Symptoms of Parkinson’s disease are commonly managed using selective dopamine receptor agonists. While these drugs are useful in early-stage Parkinson’s, they tend to lose efficacy in later disease stages. As important, currently marketed drugs do not appear to modify disease progression.
A research team including Binghamton University psychology professor Chris Bishop and former graduate student David Lindenbach recently employed a preclinical model of Parkinson’s disease to compare the effects of the dopamine agonist ropinirole to their new drug, known as D-512.
Results demonstrated that D-512 was more efficacious than ropinirole in treating the symptoms of Parkinson’s disease, while also prolonging the time window in which the animals showed benefits.
These findings followed on the heels of prior work by this collaborative group that demonstrated that D-512 may also protect again the progression of Parkinson’s disease.
“A major issue for Parkinson’s disease patients is the need to take multiple medications, multiple times per day. So we were quite astounded to discover that our new compound, D-512, was superior to the widely-used drug ropinirole in terms of maximal symptom relief and duration of action,” said Lindenbach.
The researchers also noted that D-512 may have fewer side effects than current medications. Over time, patients take anti-parkinsonian drugs develop hyperkinetic movements, called dyskinesia, that are hard to control. Coupled with D-512’s beneficial effects on motor symptoms, they argue that its therapeutic features are highly desirable.
“What you have is a better therapeutic index with our drug versus the current medication. And when you couple that with the fact that it’s seemingly multifunctional … then what we have is a compound that just isn’t currently available to Parkinson’s patients but that we think has a lot of promise,” said Bishop.

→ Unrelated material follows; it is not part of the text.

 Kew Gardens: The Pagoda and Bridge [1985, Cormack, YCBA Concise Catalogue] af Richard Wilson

“D-512 is unique because it not only treats the symptoms of Parkinson’s disease, but the molecule itself is an antioxidant,” said Lindenbach. “This antioxidant property is important because a major cause of Parkinson’s disease appears to be excessive oxidative stress in a small group of movement-facilitating brain cells.”
The researchers are currently at a pre-clinical phase. Their goals are two-fold: to understand how D-512 actually provides neural protection and therapeutic relief, while also looking at different models of Parkinson’s disease that will translate into the clinic.

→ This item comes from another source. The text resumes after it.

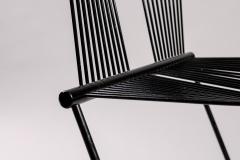 Jutta Herbert Ohl Herbert Ohl for Rosenthal Studio black Swing chair Germany 1982 - 3094307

“There are some intermediate steps that we may be involved in. I think one of these is determining whether this compound works in later stages to slow down the disease progression. It seems to work very well if you give it really early, before the disease takes hold—but looking at it at later time points and determining whether it can slow the disease down once it’s really taken hold also has important implications,” said Bishop.
The paper, “D-512, a novel dopamine D2 / D3 receptor agonist, demonstrates superior anti-parkinsonian efficacy over ropinirole in parkinsonian rats,” was published in The British Journal of Pharmacology.